Available data:
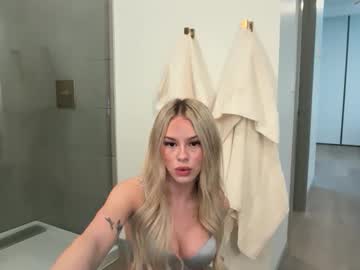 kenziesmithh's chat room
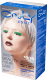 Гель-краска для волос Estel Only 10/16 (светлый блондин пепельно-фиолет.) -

* * *

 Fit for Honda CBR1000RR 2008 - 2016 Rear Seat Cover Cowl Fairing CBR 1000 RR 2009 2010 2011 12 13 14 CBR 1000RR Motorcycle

What to do: Without the pictures, set down the lines above from the line with "kenziesmithh's chat room" up to and including the line with "Гель-краска для волос" exactly as they stand.

Problem solution:
 kenziesmithh's chat room
 Гель-краска для волос Estel Only 10/16 (светлый блондин пепельно-фиолет.) -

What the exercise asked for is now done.